One of the most enduring memories from the vicious van attack near the busy Yonge-Finch intersection that shook Toronto residents last month—not to mention Canadians from across the country—was the scene of bodies strewn across the sidewalk, desperately awaiting medical help.
First responders acted so quickly and with such incredible professionalism that it was clear their work helped limit the carnage to 10 dead and 16 wounded. Without their swift action, who knows how high the death toll could have climbed?
Another image was just as powerful. That was the alleged driver of the van, Alek Minassian, being arrested by an officer who used both discretion and restraint to take the man down without firing a single shot. But watch the footage of the arrest closely and you’ll notice something going on in the background that was as interesting as it was disturbing—a handful of individuals emerged from an office building and stood for a second, stunned, watching the bizarre incident playing out before them.
Now, it would be easy to chastise the individuals for not immediately realizing what was happening—in particular, noticing a police officer who at that point was brandishing his gun—and quickly taking cover.

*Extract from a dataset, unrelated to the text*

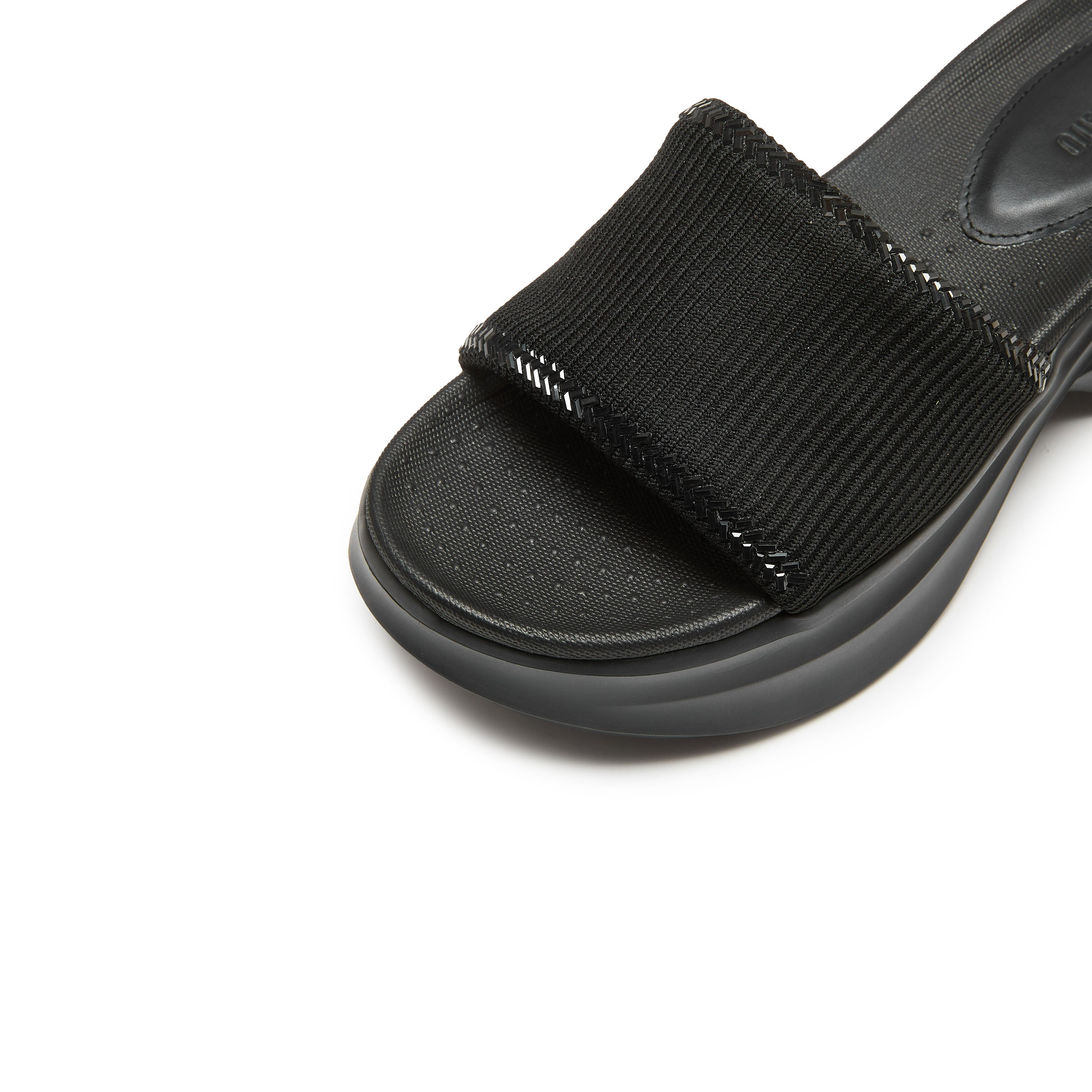 Black Knitted Crystal Edge Chunky Sliders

But why would they? Toronto is a remarkably safe city. Situations like these are unprecedented and would leave anyone reasonably grasping for a real-time plan to maintain their own safety. The video shows the bystanders slowly coming to the realization that standing by and watching the events unfold wasn’t the wisest course of action. They soon disappear offscreen.
In my last blog I underscored the importance of designing a comprehensive emergency preparedness and disaster response plan for your organization or commercial property, and being ready and able at all times to activate it. I want to highlight another important lesson from this incident: that effective security strategies don’t necessarily end at your building’s front door.

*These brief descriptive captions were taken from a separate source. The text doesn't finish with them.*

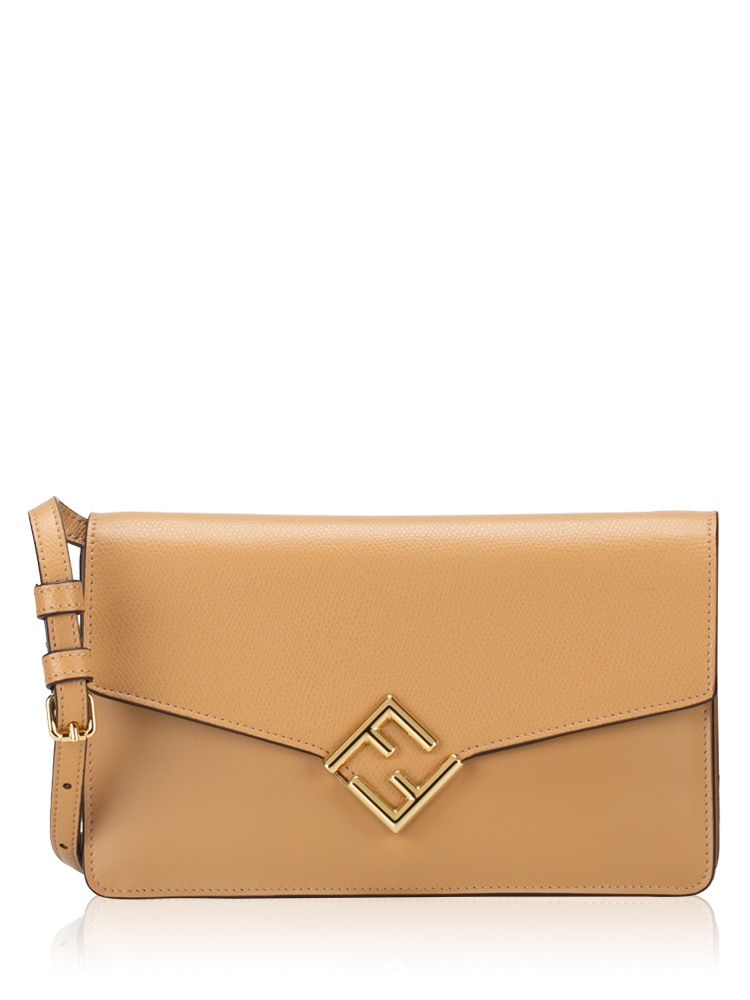 Calfskin FF Diamonds Wallet On Chain Brown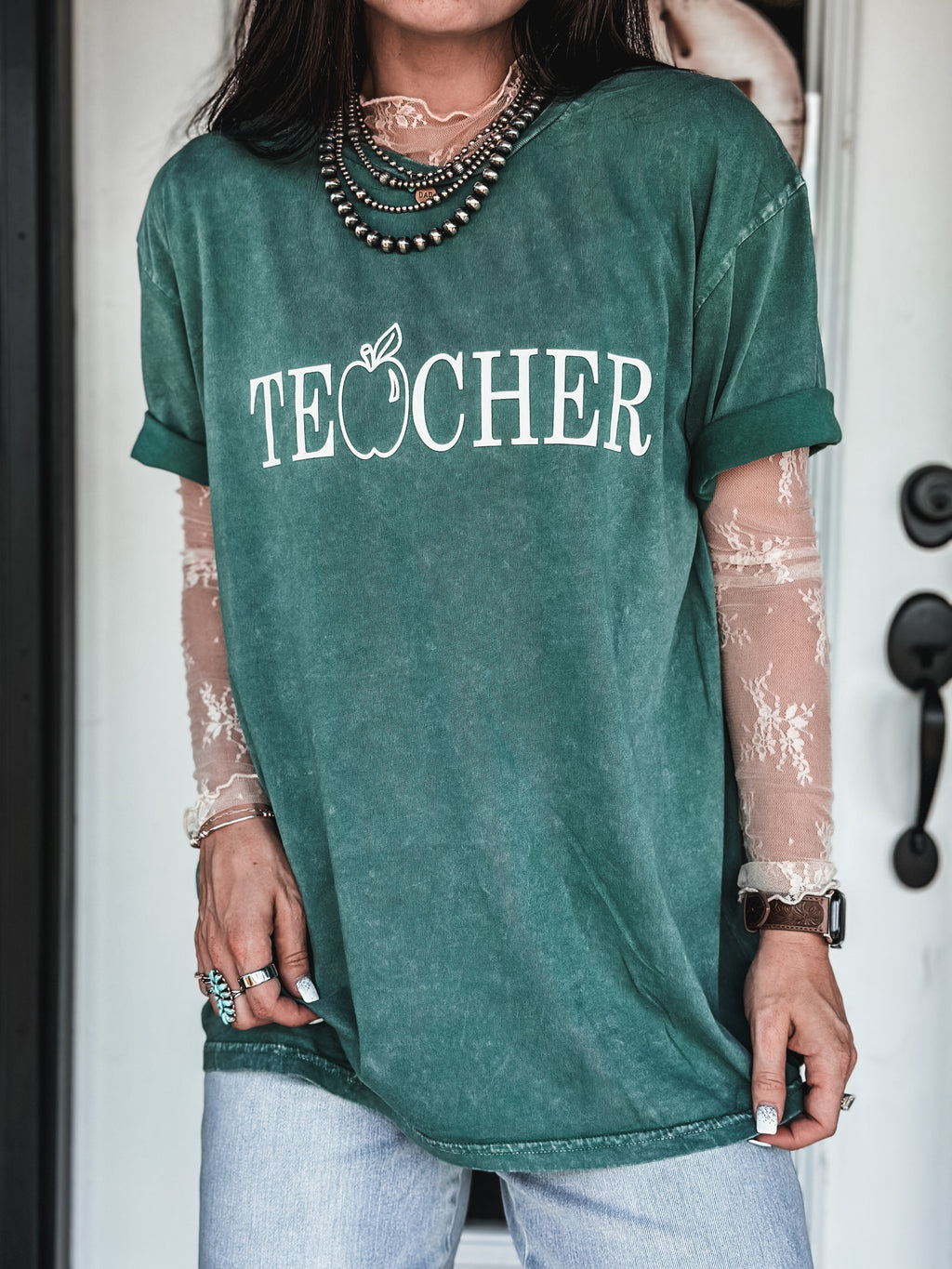 TEACHER Oversized T - Vintage Mineral Green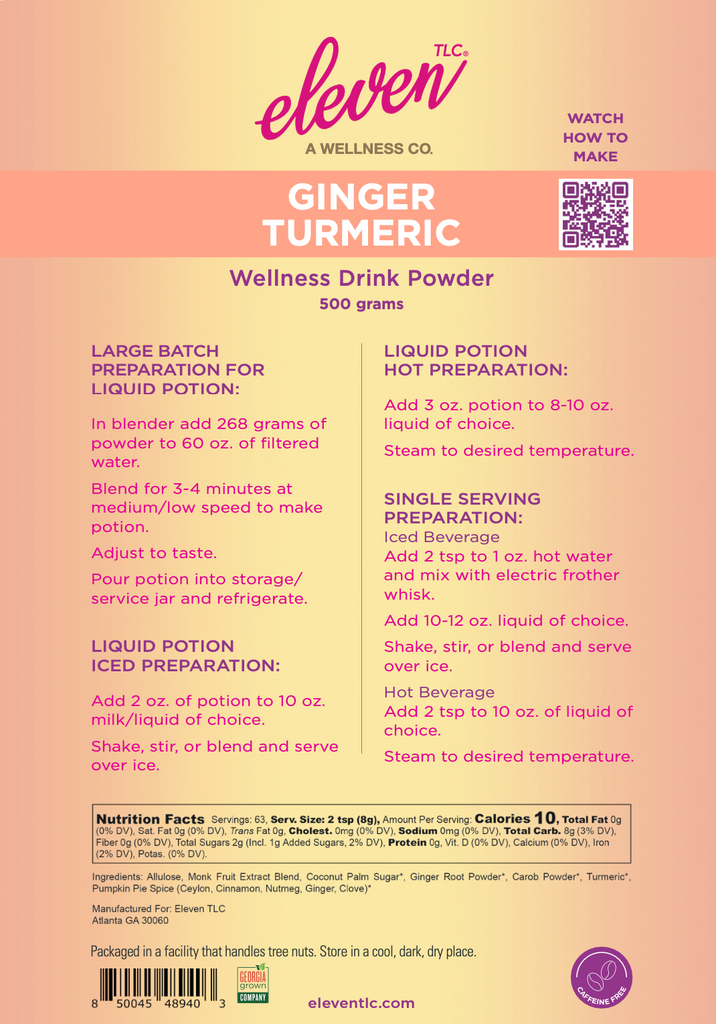 Ginger Turmeric |Superfood Drink Mix Powder
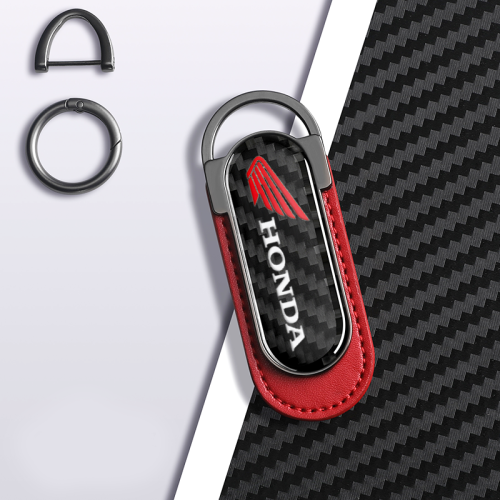 Carbon Fiber Metal Red Leather Keychain For Honda Bike Models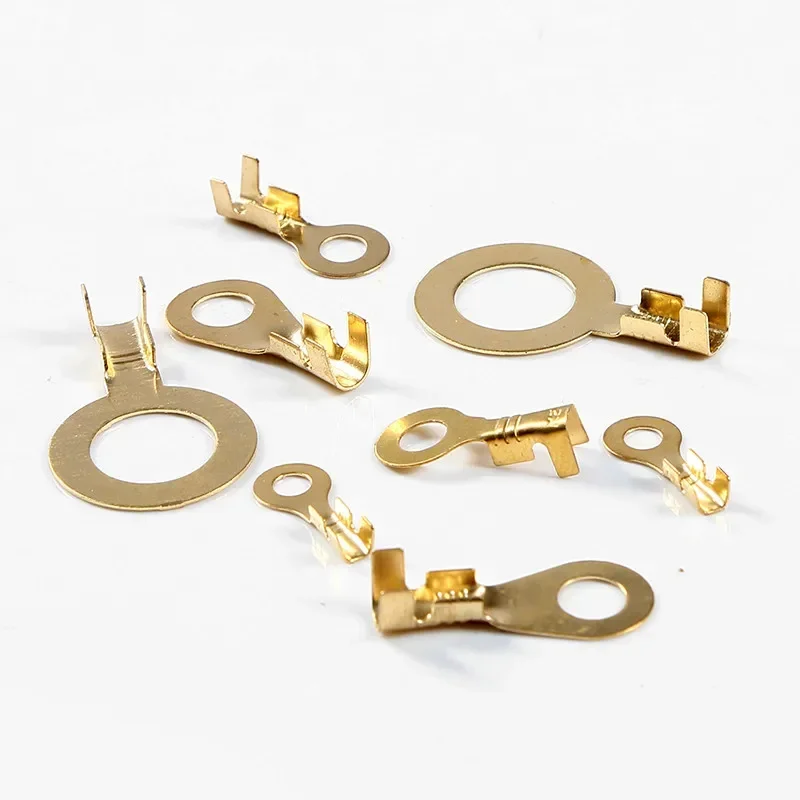 Wire connectors terminal connector copper wire lugs 100PCS M3/M4/M5/M6/M8/M10 Ring Lugs Ring Eyes Copper Crimp Terminals Cable Lug Non-insulated Diy Assortment Kit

In an emergency situation, your security team (which could be composed of in-house staff or personnel from an outsourced firm such as Wincon Security) must spring into action to secure the premises and ensure the safety of everyone inside. That’s a given. But the property’s EPDRP should include a contingency for extending those protocols to the outside of the building, as well. Why? As we saw in the video footage from the van attack, it’s reasonable to assume that a building’s occupants could—unwittingly or not—wander outside your front door and find themselves in the middle of a dangerous situation.
Ideally, after identifying the risks associated with the situation and making a real-time assessment to determine how best to manage it, your security team will alert a building’s occupants of the need to remain calm, follow instructions and seek safety. Let’s assume your building has a PA system—and if not, that’s another major problem that needs to be addressed. If the threat or emergency is occurring off of the premises, it’s then up to security to make an announcement requesting that occupants remain inside until given further notice. If not, then an evacuation might be in order.
Either way, security teams need to be given a mandate to monitor activities across a property, including in the surrounding grounds or neighbourhood, while always staying on top of breaking news and developments to keep a step ahead of the situation. Our team members are trained to do exactly that, with their duty being to secure a complete perimeter, not only the core area that is the focus of their daily patrol duties. Unfortunately, not every security firm takes the same comprehensive approach.
We can be thankful that none of the individuals in that second video (of the alleged attacker’s takedown) were injured in any way, although I’m sure they were at least slightly shaken when they realized the magnitude of the scene playing out in front of them. But with the right planning, training and a proactive, strategic approach to security, their incursion into a live, potential shooting incident, could have been stopped. Let’s hope commercial property owners, managers and security teams take this lesson to heart when the time comes to revise their security plans—then take the time to extend those plans past the threshold of their buildings.